Şikâyet Etmekten Gerçekten Şikâyetçi miyiz?

Şikâyetin ve suçlamaların asıl yoğun ve yıkıcı olduğu mecrayı, okuryazarların birbirlerine ve camialarına yönelik yaptıkları şikâyet ve suçlamalar oluşturmaktadır. Yukarıda, Kürt halkına yapılan şikâyetlere ek olarak; burada yazarların yine birbirlerini sevmediği, eserlerinin görünür olması için bir diğerinin kendisi için gayret sarf etmediği, tam aksine buna köstek olduğu, herkesin kendini sürekli gündemde tutup kendi imgesine yatırım yaptığı gibi birçok sanat ve edebiyat mahfili için geçerli olabilecek ve bir yere kadar da karşılığı olan serzenişler gösterilebilir.[11] Şikâyet ve yakınmanın belli bir raddeye kadar insani bir refleks olduğunu, benzerlerinin de başka camialarda son derece yaygın olduğunu kabul etmek gerekir. Kaldı ki sömürge bir ulus için temelde birbirini sevmemekten, daha doğrusu sevmeyi becerememekten kaynaklı böylesi durumların daha katmerli olmasının bilimsel dayanakları vardır ve bunları başta Frantz Fanon’un olmak üzere birçok teorisyenin metinlerinde işlendiğini görebiliriz. Birbirini sevmeme konusunda son derece mümbit bir çevre olduğumuz fikrine katılmamak elde değil. Aşağıda, çeşitli başlıklar altında inceleyeceğim bu meselenin muadillerine benzeyen görünürdeki yüzü; diğer yandan kökü derinlerde olan, son derece marazi, Kürt halkının tarihsel ve politik durumuna göbekten bağlı; karanlık, karmaşık, “bize” özgü yüzü olduğunu düşünüyorum. Yani bir tarafı kamuya açık, bildik formlarda ve klişeler üzerinden yürüyen mazruf ile zarfın birbirini tamamladığı; diğer tarafı gayya kuyusunu andıran karanlık yüzü. Biraz daha açarsak söz konusu şikâyetlerin konu ve nesnesinin herkesçe bilindiği, üzerinde ortak bir mutabakata varıldığı, tüm veçheleriyle tespit edilip ortaya çıkarıldığı görüşü hâkim. Ama bu apaçıklık çok sıkı örtünmenin, kat kat saklanmanın bir formu, bir sonucu olduğu/olabileceği kanısındayım. Ortada karanlık bir aşikârlık var. Şikâyetlerin kaynağını bir mağara olarak düşünürsek görünürdeki nedenler, mağaranın ağzındaki ağır kaya görevi gördüğünden şüphelenmemiz için haklı nedenlerimiz var. Bu yazıda asıl incelemek istediğim, hatta buraya kadar yazılanların mağaraya gidecek yolu bulmak, bir tür mıntıka temizliği yapmak kabilinden olduğunu söylemek isterim. Bir tür karanlık mağara işlevi gören kıymeti kendinden menkul bir durumdan söz ediyoruz çünkü.
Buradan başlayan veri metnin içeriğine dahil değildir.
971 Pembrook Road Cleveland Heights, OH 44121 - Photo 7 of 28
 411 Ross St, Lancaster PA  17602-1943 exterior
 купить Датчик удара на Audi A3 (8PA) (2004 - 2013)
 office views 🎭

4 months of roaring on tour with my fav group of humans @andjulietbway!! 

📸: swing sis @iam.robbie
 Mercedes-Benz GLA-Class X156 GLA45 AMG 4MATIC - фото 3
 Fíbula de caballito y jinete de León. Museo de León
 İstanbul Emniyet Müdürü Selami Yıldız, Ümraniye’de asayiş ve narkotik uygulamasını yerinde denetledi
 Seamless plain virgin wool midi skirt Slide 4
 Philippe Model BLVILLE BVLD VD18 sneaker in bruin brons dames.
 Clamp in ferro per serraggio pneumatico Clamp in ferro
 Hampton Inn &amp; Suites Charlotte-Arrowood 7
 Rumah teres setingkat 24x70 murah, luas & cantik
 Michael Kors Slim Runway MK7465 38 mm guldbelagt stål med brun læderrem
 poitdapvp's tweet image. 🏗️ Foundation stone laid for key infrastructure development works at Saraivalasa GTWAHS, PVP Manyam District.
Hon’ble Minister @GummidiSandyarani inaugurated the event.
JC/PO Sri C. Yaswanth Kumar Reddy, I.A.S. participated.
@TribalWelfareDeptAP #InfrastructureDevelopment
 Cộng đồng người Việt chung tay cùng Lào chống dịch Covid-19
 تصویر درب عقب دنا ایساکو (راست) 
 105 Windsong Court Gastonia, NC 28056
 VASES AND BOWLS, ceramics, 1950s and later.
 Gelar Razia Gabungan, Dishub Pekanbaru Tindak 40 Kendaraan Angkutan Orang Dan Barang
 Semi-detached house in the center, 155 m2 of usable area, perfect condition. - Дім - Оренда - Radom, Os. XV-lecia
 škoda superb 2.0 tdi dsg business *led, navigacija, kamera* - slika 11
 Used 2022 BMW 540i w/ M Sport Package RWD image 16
Şikâyet Ediyorum O Halde Varım

Kürt cenahında şikâyet bolluğunun ortaya çıkardığı, ulu orta döktüğü şeyler kadar sakladığı, dibe gömdüğü, kişinin kendine ve başkasına dahi itiraf etmesinden çekindiği birtakım gizil nedenlerin bulunduğu ima edilmişti yukarıda. Burada dile vuran bir şikâyet olarak görünen şeylerin berisinde duran mağaraya göz attığımızda şikâyeti, kendilik ayıbını örten bir kakafoni işlevi gördüğünü de söyleyebiliriz. Müzmin bir hastalığa dönüşen şikâyet, kimi üretimlerdeki her kusuru, niteliksizliği, bayağılığı kişinin kendi kifayetsizlik ve vasatlığından doğan beceriksizliği örtmeye kadir bir tarafının olduğunu rahatlıkla ifade edebiliriz. Arzulanan ve hak edildiği düşünülen mevki, makam, maddi ve manevi başarıların gerçekleşmemesinin nedenini birbirini çekememe, birbirinin ayağını kaydırma, ikballerinin canına od tıkamaya havale edilmesindeki kayıt dışı faydasına da odaklanmak gerekir. Zira bu işleyiş, üreticinin kendinden kaynaklanan tüm kusurları görünmez ve “Kusursuz Beni”, şikâyet üzerinden görünür kılmakta olduğuna dikkat çekmek isterim. Bazı durumlarda mesele şikâyet ediyorum öyleyse varım gibi patalojik bir yere varabiliyor. Bu saikle üretilen bütün yazı ve söylemlerin kritik ve eleştiri literatürü yerine vazife görmesi, bu ortamda gerçek ve yapıcı bir eleştirinin olanağını başlangıçta yok ettiği ortada. Sürekli bu bahanelerin arkasına sığınma, sanatsal üretimlerde vasata teslim olma, kötüyü ortaya çıkaramama ve iyiyi tanıyamama hali niteliksiz bir sanat ortamını yaratan önemli unsurlardır. Sanatçının eser üretiminde kendi payına düşen ciddi çalışma ve malumatı göz ardı etmesi şikâyetin aslında pek de şikâyet edilecek bir şey olmadığı şüphesini doğuruyor. Bir tür gönüllü şikâyet kardeşliğinin bu derece sarsılmaz bir şekilde devam etmesinin bir nedeninin de burada aranabileceği kanısındayım. Benliği pazarlama teknolojisini yaratan bu şikâyet ortamında şöyle bir soru sorma hakkımız doğuyor: Şikâyet edilmesinden gerçekten şikâyetçi miyiz? Elbette bu daha çok sonuca dair bir belirleme; asıl bunun nedenlerine bakmak gerekir.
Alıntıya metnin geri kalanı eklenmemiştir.